Department of Political Science, Texas Tech University, 2500 Broadway, Lubbock, TX 79409, USA; Department of Public Health, Texas Tech University Health Science Center, 3601 4th Street, Lubbock, TX 79430, USA; High Performance Computing Center, Information Technology Division, Texas Tech University, 2500 Broadway, Lubbock, TX 79409, USA.
Department of Sociology, Tennessee State University, 3500 John A Merritt Blvd, Nashville, TN 37209, USA.
Obes Res Clin Pract. 2017 Sep-Oct;11(5):522-533. doi: 10.1016/j.orcp.2017.05.001. Epub 2017 May 18.
Obesity is both multifactorial and multimodal, making it difficult to identify, unravel and distinguish causative and contributing factors. The lack of a clear model of aetiology hampers the design and evaluation of interventions to prevent and reduce obesity.
Using modern graph-theoretical algorithms, we are able to coalesce and analyse thousands of inter-dependent variables and interpret their putative relationships to obesity. Our modelling is different from traditional approaches; we make no a priori assumptions about the population, and model instead based on the actual characteristics of a population. Paracliques, noise-resistant collections of highly-correlated variables, are differentially distilled from data taken over counties associated with low versus high obesity rates. Factor analysis is then applied and a model is developed.
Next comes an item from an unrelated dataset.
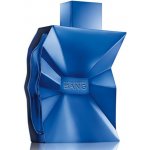 Marc Jacobs Bang Bang toaletní voda pánská 50 ml – Hledejceny.cz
Latent variables concentrated around social deprivation, community infrastructure and climate, and especially heat stress were connected to obesity. Infrastructure, environment and community organisation differed in counties with low versus high obesity rates. Clear connections of community infrastructure with obesity in our results lead us to conclude that community level interventions are critical. This effort suggests that it might be useful to study and plan interventions around community organisation and structure, rather than just the individual, to combat the nation's obesity epidemic.
肥胖是多因素和多模式的,这使得识别、揭示和区分因果和促成因素变得困难。病因学缺乏明确的模型阻碍了预防和减少肥胖的干预措施的设计和评估。
我们使用现代图论算法,能够合并和分析数千个相互依赖的变量,并解释它们与肥胖的潜在关系。我们的建模与传统方法不同;我们不对人群做出先验假设,而是根据人群的实际特征进行建模。从与肥胖率低和高的县相关的数据中,分别提取出抗噪的高度相关变量的聚集(paracliques)。然后应用因子分析并开发模型。
集中在社会贫困、社区基础设施和气候,特别是热应激周围的潜在变量与肥胖有关。基础设施、环境和社区组织在肥胖率低和高的县有所不同。我们的研究结果中社区基础设施与肥胖之间的明确联系使我们得出结论,社区层面的干预措施至关重要。这一努力表明,围绕社区组织和结构而不是个体来研究和规划干预措施,以对抗全国的肥胖流行,可能是有用的。